Cartwright believed that education robbed a preacher’s faith and passion, leaving that preacher as weak and faded as wilted lettuce grown in the shade!
Peter Cartwright is not the only one to question the value of education for the life of faith. In the popular film “God’s Not Dead,” an atheistic professor threatens to fail a godly young man because he will not deny God’s existence. The two debate, and of course the student’s simple faith triumphs over his professor’s skeptical reason. Still, the lesson is clear: school is a dangerous place for believers!
Perhaps when you went off to college or seminary, your well-meaning friends told you what mine told me: “Be careful that you don’t lose your faith in that place.” But is it true that education threatens faith? A new study by Philip Schwadel, an associate professor of sociology at the University of Nebraska–Lincoln, found that for children of the 1920s up through the Baby Boom generation, those with a college education were more likely to abandon their religion than those without. But, Schwadel discovered,
. . . for the generation born in the 1960s, there’s no difference between those who did and those who did not go to college in their likelihood of religious affiliation. Now, for America’s middle-aged adults who were born in the 1970s, “those without a college education are the most likely to drop out.”
Schwadel proposes that one reason for this shift may be that today’s campuses offer “a lot of room and opportunity for religious connection.” Indeed, many of my seminary students came to Christ in college.

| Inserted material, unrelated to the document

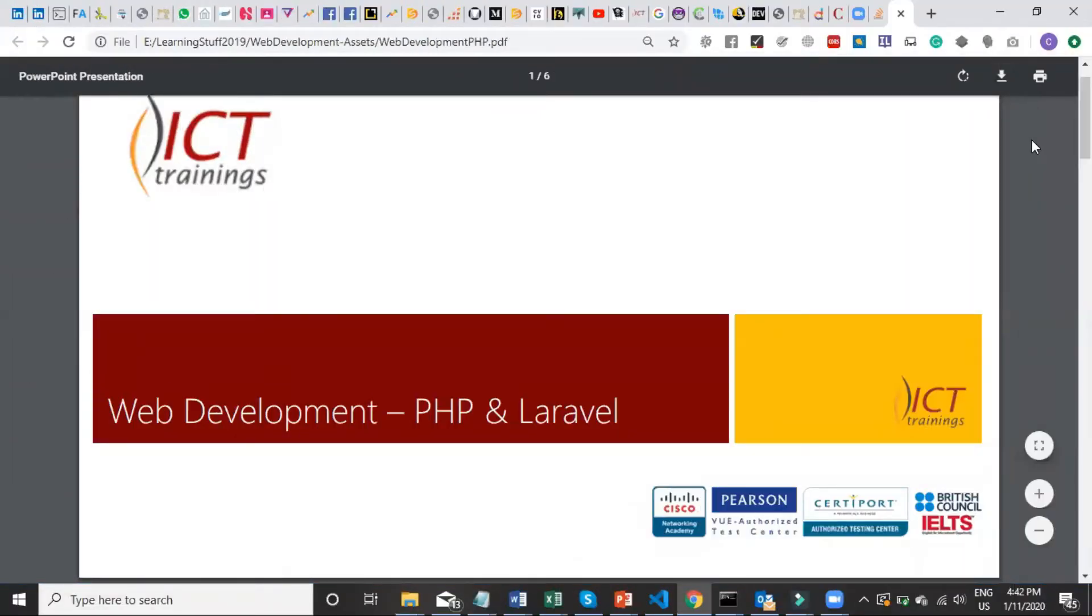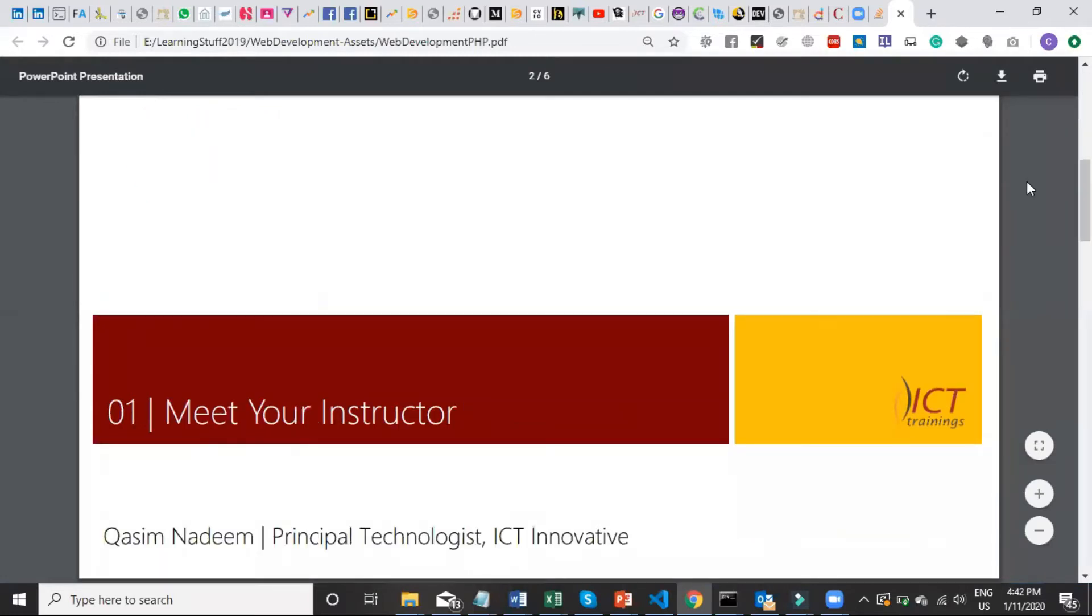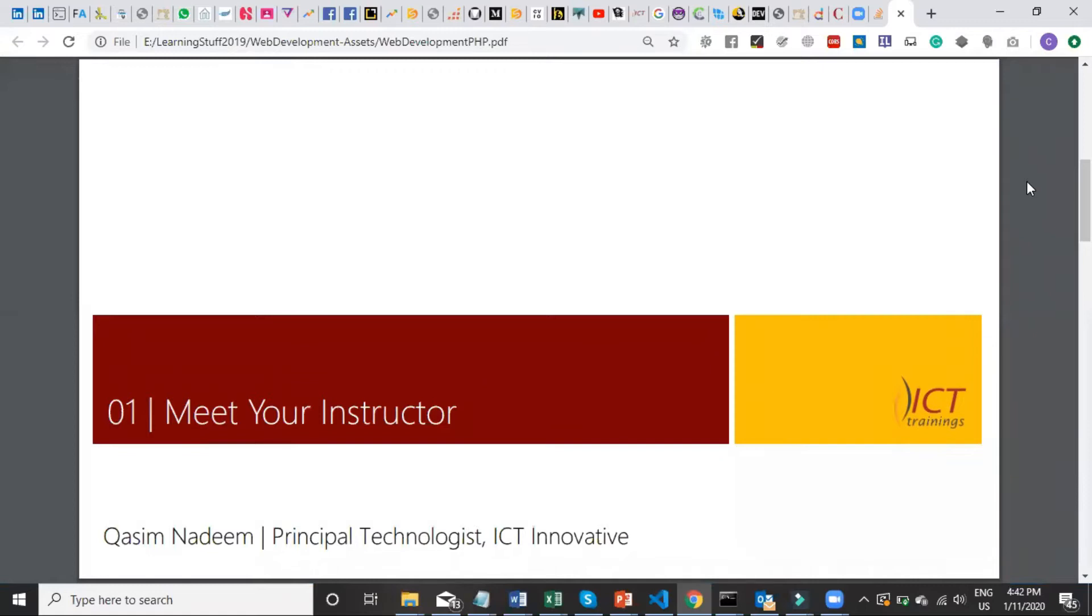Welcome to web development with PHP and Laravel. My name is Kasim Nadeem. I'm a full-stack developer with focus on web application development, an early adopter of PHP and supporting languages.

I believe that study is not a threat to faith, but a biblical imperative. Scripture does not call us to mindless obedience! The prophets, poets, and sages of ancient Israel wrestled with God, challenging God’s justice and struggling to understand how ancient tradition fit with their contemporary experience.

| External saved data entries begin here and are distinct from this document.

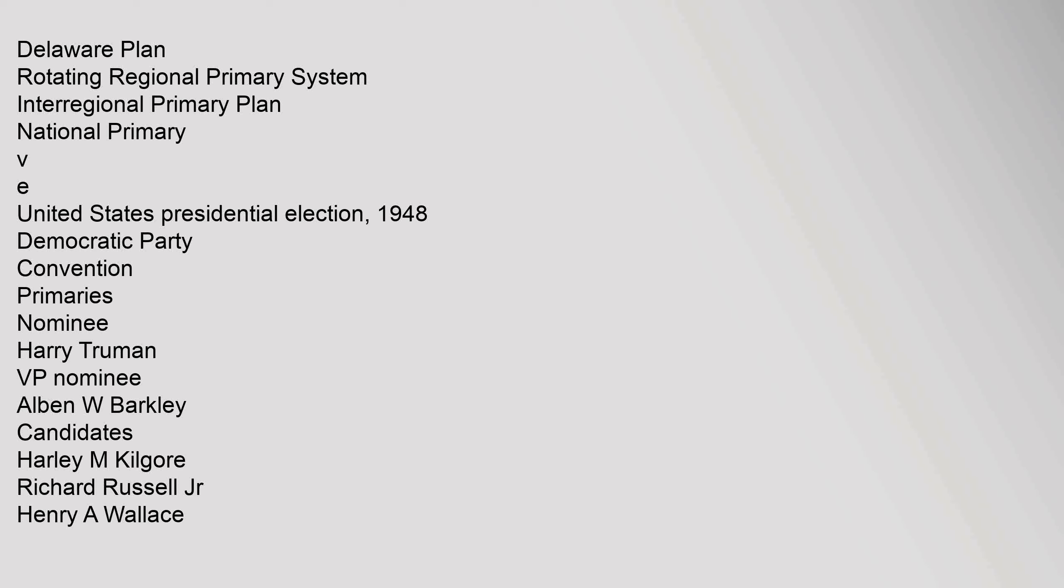United States presidential election, 1948. Democratic Party convention primaries nominee Harry Truman, V.P. nominee Albin W. Barkley. Candidates: Harley M. Kilgore, Richard Russell Jr., Henry A.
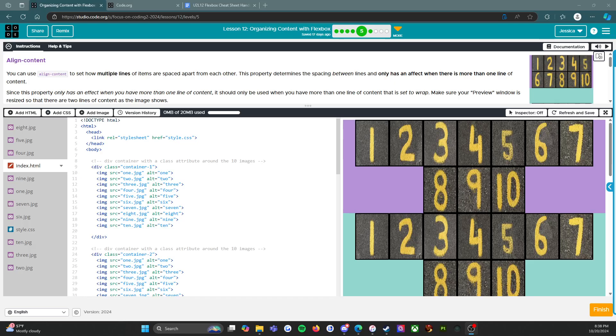Hello everybody. So now we are on lesson 12, level 5, and we'll be looking at aligning content instead of items.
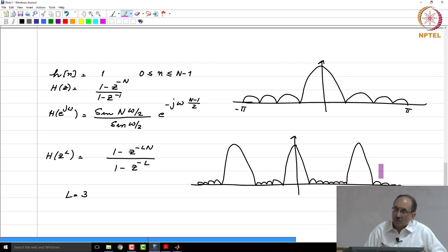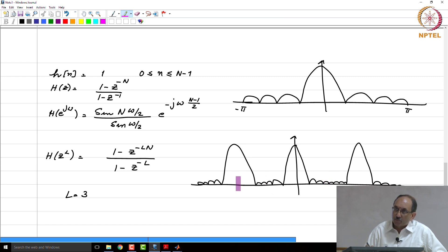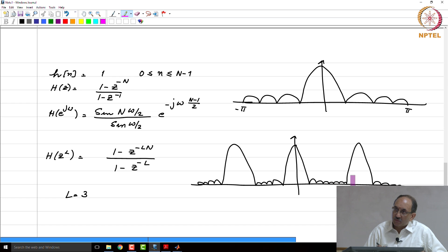One use of this comb filter is that because it has peaks at regularly spaced intervals and comparatively much less gain in between, this can be used to pass harmonics. So if the signal had components plus harmonics at these locations, when you pass it through this filter, only the harmonics will roughly go through.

For example, in Habakkuk 3, the prophet recites an ancient poem of God the Divine Warrior triumphant over his enemies. But this poem only underlines for Habakkuk the disconnect between the traditional language of his faith, which affirms God’s victory, and his own experience of Babylonian oppression (Hab 3:16; compare Ps 3:7 and Jer 11:20).
Significantly, Habakkuk does not succumb to despair. He resolves to worship God despite his questions:
Though the fig tree doesn’t bloom,
and there’s no produce on the vine;
though the olive crop withers,
and the fields don’t provide food;
though the sheep is cut off from the pen,
and there is no cattle in the stalls;
I will rejoice in the Lord.
I will rejoice in the God of my deliverance (Hab 3:17-18).
Habakkuk found God, not in the certitude of “simple faith,” but in the midst of questioning and doubt. So, I am persuaded, will we all.